The sampling unit in the CEEC corpora is the individual letter writer. In principle, writers of both sexes and all sections of the social hierarchy are included from each successive 20-year period covered by the corpus. The continuity of regional coverage was taken into account by selecting informants from London, East Anglia, the North (the counties north of Lincolnshire), as well as members of the Royal Court, many of whom lived in Westminster. These four areas cover about half of the original CEEC.

Where possible, the minimum of ten medium-length letters by informant was aimed at, but especially with writers whose writing spanned two or three successive 20-year periods, more were included. By contrast, fewer than ten letters were available from many women writers and writers coming from the lower social ranks.

To make the CEEC as flexible a tool as possible, its different versions come in two basic file formats. The format based on the edited letter collections the material has been selected from has its advantages: it may offer the corpus user ready access to some sociolinguistically relevant communities, such as extended families and their networks of friends, partners, colleagues and other contacts. For many sociolinguistic studies, however, files representing individual letter writers are preferable.

The original 1998 version of the CEEC has 778 letter writers, retrieved from 96 collections, and it exists in both collection-based and individual files. This version consists of 244 files for individual writers with the minimum of 2,000 words, and six period-specific files containing the data from the rest of the writers. The CEEC Supplement is based on 19 collections (94 informants), and the 18th-century Extension on 77 collections (308 informants). Both exist in the two formats.

The two published versions of the CEEC only come in collection-based formats. The Sampler version, CEECS, consists of 23 collections with 194 informants. It is further divided into two partly overlapping subperiods, CEECS1 (1418–1638) and CEECS2 (1580–1680), which constitute separate files.
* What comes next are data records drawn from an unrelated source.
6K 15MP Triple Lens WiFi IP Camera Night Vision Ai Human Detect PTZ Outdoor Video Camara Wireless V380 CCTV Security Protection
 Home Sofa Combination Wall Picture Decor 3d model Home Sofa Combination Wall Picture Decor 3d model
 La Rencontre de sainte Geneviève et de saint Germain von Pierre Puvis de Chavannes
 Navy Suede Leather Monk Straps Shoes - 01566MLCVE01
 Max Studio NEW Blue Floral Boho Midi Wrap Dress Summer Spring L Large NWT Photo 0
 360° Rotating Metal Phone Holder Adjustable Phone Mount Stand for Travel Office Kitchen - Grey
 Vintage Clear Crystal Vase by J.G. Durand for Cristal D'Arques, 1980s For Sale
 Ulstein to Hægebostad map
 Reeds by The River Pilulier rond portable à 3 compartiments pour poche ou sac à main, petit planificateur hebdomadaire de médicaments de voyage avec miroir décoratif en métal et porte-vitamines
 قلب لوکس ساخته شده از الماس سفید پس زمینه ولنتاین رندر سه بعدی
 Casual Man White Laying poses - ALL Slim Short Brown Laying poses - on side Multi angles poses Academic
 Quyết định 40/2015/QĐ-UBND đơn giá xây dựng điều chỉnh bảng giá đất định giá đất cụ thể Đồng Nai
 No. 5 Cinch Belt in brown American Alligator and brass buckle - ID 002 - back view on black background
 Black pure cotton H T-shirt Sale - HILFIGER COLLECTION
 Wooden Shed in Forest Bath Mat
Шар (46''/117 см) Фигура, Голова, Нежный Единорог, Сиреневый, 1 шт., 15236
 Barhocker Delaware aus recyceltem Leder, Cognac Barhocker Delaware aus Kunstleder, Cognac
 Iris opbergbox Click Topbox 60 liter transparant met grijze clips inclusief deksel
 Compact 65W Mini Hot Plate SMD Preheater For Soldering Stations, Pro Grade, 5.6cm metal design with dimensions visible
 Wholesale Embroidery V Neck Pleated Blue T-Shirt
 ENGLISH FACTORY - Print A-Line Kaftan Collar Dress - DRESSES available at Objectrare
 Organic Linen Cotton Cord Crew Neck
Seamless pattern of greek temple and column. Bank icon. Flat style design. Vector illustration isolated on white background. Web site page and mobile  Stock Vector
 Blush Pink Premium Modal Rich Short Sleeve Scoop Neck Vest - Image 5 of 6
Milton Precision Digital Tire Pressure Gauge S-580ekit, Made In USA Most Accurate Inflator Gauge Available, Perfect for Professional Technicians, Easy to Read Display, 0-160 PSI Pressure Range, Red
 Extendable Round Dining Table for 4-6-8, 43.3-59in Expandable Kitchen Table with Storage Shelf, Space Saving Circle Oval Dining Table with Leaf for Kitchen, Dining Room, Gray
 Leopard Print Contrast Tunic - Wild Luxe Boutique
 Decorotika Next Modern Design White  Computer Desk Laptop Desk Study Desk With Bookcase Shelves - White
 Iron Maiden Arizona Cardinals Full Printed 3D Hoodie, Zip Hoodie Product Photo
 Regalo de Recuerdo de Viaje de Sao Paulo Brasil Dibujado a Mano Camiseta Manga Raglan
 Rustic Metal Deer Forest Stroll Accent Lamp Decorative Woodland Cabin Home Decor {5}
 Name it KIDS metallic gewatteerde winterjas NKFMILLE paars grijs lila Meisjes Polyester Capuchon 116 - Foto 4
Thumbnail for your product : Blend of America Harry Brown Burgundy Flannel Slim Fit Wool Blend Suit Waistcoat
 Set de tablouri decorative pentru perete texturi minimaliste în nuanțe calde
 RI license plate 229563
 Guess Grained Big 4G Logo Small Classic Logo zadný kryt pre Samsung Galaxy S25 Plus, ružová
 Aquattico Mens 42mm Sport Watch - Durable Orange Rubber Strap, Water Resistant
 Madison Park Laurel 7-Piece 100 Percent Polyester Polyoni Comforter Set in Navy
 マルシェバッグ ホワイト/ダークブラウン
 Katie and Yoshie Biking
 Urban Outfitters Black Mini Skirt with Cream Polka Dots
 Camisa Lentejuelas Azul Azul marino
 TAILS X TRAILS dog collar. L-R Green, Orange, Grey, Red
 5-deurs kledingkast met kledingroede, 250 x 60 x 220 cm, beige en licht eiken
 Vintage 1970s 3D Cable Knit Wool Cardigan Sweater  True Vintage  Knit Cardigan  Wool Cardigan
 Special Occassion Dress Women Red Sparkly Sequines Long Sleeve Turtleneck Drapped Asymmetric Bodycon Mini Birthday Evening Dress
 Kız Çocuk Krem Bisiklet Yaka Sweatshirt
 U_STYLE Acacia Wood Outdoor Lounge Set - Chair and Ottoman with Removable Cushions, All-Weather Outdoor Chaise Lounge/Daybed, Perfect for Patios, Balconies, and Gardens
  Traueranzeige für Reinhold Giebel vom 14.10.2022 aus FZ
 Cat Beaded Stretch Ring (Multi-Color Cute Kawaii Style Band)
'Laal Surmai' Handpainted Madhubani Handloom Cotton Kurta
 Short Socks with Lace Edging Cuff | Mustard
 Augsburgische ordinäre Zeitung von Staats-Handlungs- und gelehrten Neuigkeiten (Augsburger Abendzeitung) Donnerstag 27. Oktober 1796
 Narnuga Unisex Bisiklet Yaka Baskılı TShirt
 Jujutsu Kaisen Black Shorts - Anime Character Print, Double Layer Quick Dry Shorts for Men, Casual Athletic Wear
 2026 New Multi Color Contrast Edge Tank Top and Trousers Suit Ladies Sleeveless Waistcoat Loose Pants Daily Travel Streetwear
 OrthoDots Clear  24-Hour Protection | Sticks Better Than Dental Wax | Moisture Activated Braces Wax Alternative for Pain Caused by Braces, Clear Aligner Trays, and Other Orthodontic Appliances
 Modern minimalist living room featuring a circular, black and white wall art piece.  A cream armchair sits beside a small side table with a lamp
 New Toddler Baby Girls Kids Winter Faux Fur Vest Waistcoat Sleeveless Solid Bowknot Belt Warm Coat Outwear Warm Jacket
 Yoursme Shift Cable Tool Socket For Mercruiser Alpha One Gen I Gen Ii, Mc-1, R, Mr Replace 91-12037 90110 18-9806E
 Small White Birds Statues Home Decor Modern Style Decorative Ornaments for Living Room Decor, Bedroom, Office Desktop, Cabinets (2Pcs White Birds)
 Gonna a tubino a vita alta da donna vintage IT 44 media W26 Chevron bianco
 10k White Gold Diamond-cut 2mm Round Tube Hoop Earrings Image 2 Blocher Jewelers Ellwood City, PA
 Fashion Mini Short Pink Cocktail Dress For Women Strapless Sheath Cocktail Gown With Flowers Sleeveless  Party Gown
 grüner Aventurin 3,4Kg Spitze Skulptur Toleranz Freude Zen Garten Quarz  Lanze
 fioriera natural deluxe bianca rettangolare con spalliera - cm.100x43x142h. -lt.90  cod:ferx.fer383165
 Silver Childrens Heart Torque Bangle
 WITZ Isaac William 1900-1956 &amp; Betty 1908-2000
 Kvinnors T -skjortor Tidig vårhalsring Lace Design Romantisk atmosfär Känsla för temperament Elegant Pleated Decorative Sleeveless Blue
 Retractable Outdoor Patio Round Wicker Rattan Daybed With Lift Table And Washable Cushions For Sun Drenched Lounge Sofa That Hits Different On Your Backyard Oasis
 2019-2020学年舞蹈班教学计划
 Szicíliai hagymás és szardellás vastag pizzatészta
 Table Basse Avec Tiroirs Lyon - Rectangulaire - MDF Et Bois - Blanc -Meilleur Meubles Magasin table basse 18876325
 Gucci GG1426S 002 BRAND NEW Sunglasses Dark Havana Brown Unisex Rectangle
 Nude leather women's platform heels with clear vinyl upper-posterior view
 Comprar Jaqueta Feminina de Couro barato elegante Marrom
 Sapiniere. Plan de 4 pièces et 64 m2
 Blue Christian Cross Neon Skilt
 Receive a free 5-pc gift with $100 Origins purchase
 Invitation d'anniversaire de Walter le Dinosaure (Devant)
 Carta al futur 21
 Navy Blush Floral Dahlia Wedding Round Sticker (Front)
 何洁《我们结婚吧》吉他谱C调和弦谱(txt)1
The linguistically annotated version, PCEEC, has 666 informants from a total of 84 collections. It comes in collection-based files of three different kinds: plain text files, part-of-speech tagged files, and parsed text files. The collections can be periodized following, for instance, the Helsinki Corpus periods: M3 (1350–1419), M4 (1420–1499), E1 (1500–1569), E2 (1570–1639), and E3 (1640–1710), as this information has been encoded into each letter, together with the year of writing.